----- INFORMATION GIVEN

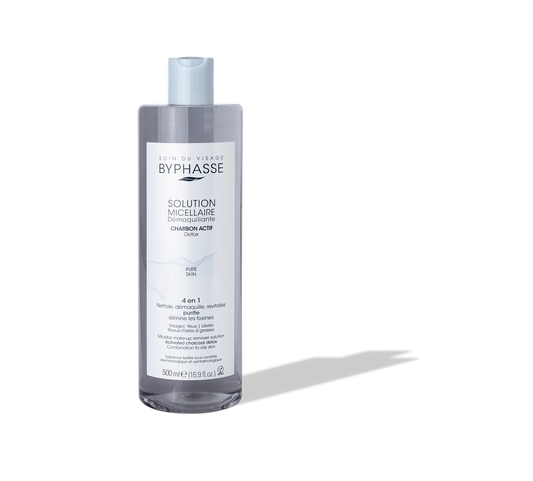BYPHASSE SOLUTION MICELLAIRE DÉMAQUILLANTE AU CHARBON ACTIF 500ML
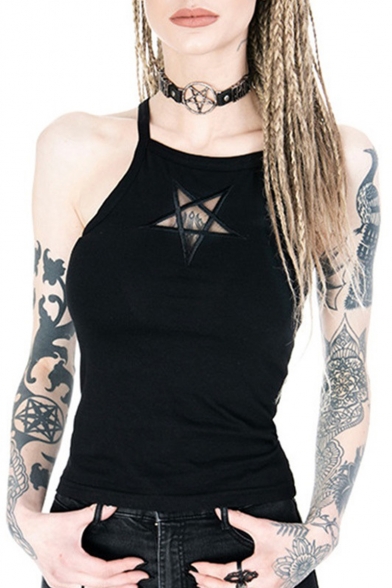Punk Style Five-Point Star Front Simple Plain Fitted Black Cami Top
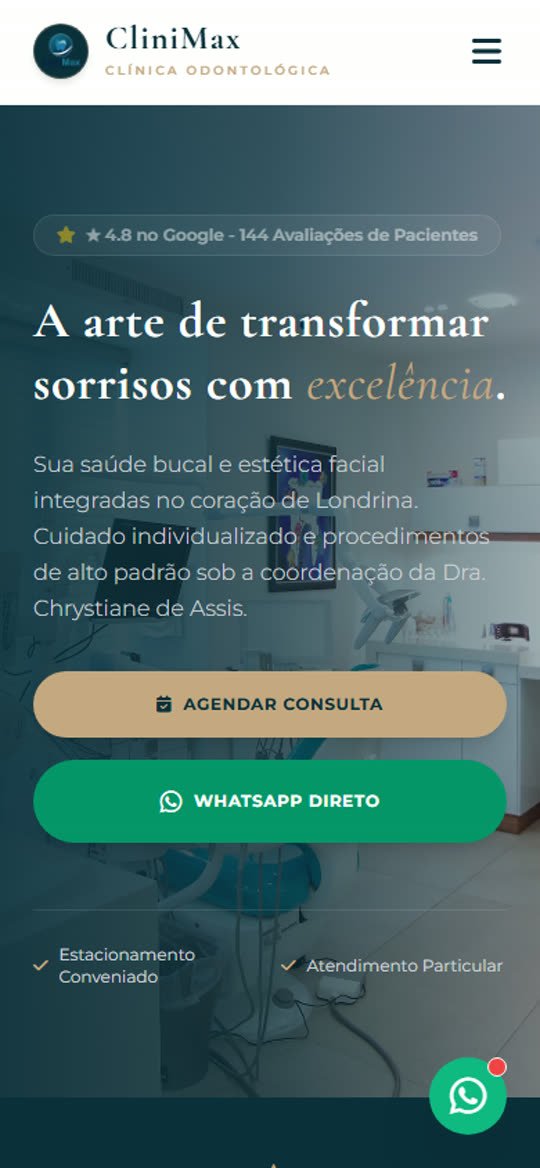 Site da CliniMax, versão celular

----------
----- INFORMATION GIVEN

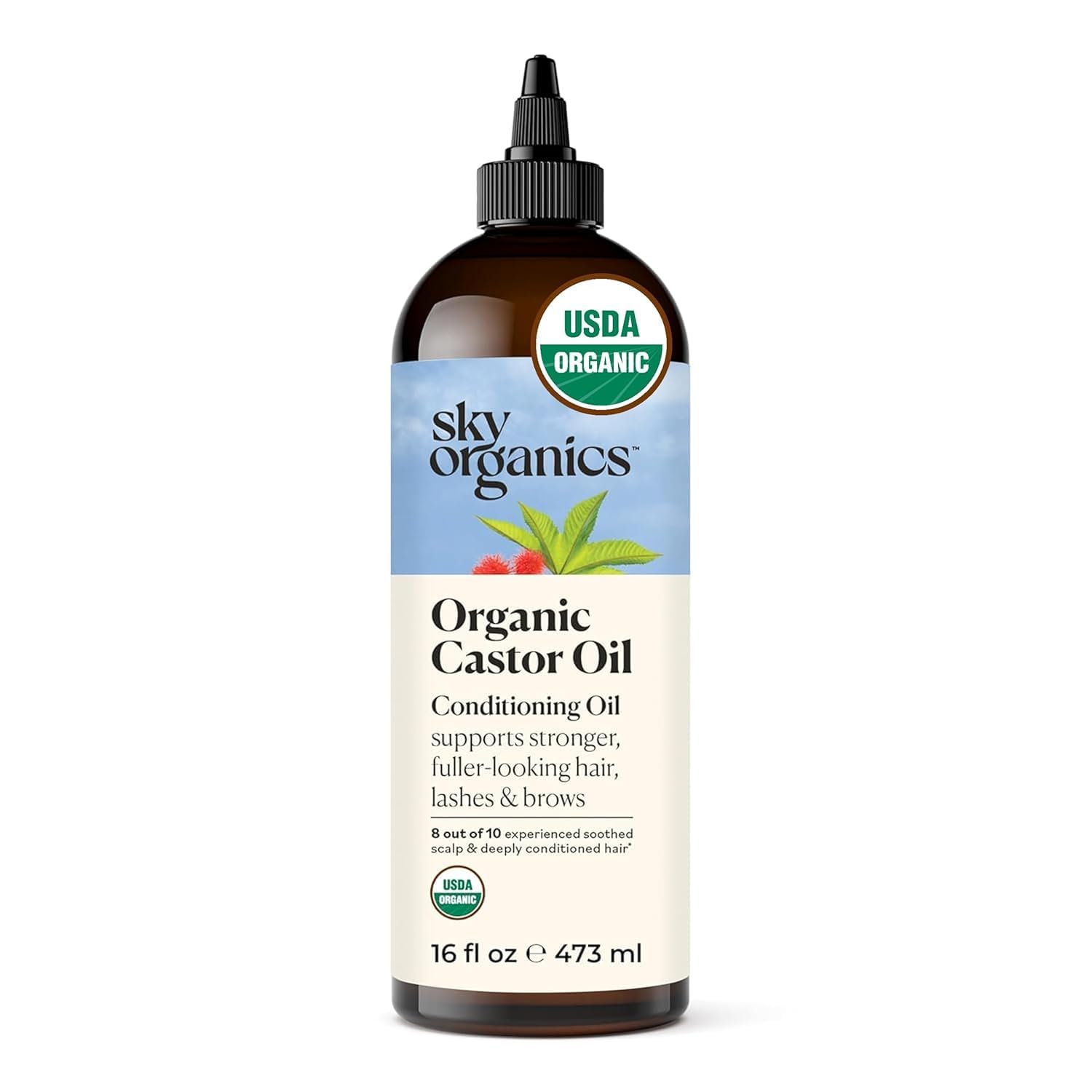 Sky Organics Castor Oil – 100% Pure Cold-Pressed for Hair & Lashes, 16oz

----------
----- INFORMATION GIVEN

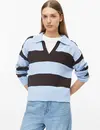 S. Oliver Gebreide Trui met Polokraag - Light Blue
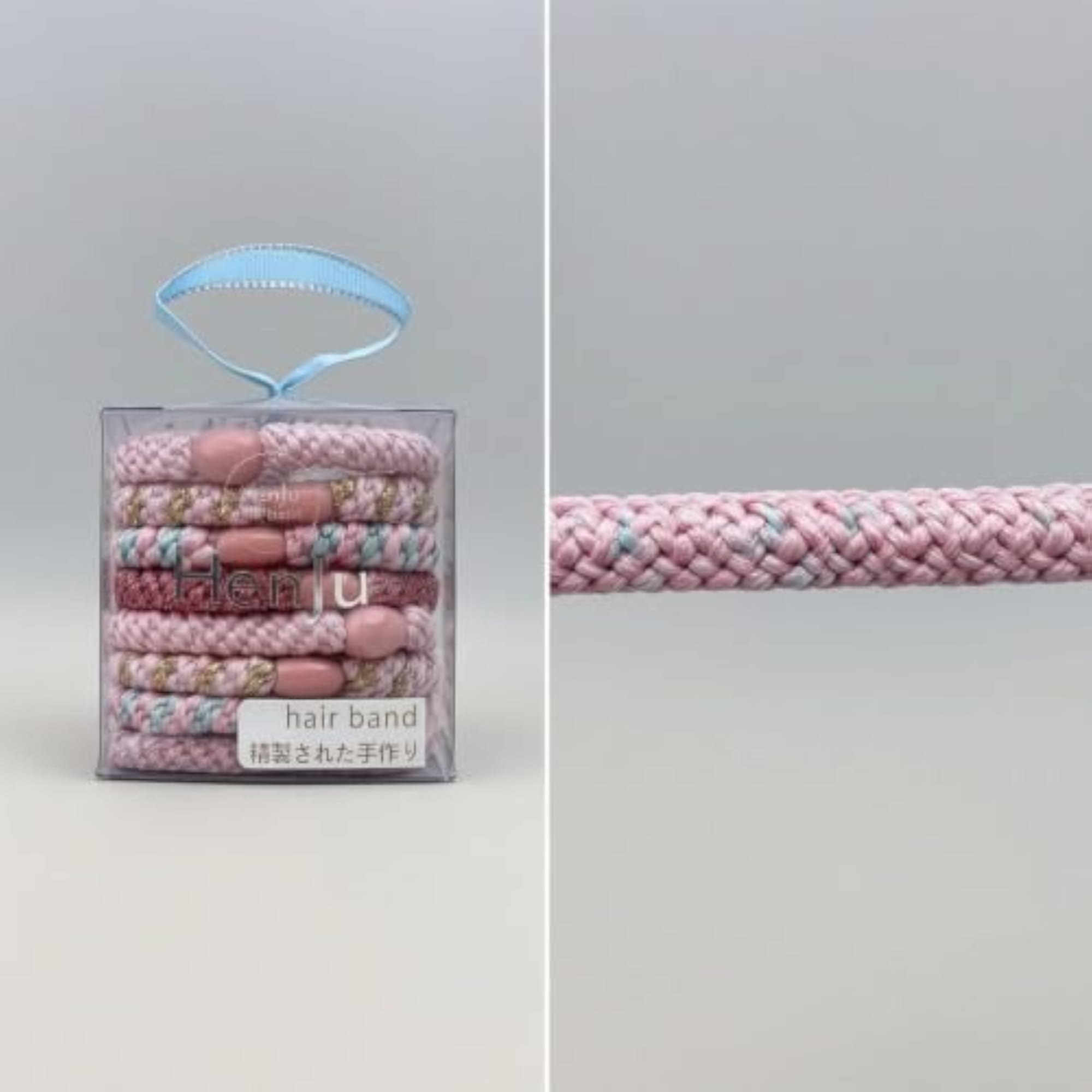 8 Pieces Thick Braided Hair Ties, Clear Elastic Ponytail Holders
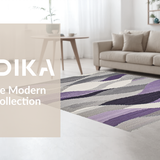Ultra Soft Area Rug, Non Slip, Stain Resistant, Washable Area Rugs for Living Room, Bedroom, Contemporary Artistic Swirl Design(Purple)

----------

## [TO DO]
Using the data above, retype exactly the lines from the line with "BYPHASSE SOLUTION MICELLAIRE" to the line with "Site da CliniMax, versão celular", inclusive. No pictures and nothing else.

## [SOLUTION TO THE PROBLEM]
BYPHASSE SOLUTION MICELLAIRE DÉMAQUILLANTE AU CHARBON ACTIF 500ML
Punk Style Five-Point Star Front Simple Plain Fitted Black Cami Top
 Site da CliniMax, versão celular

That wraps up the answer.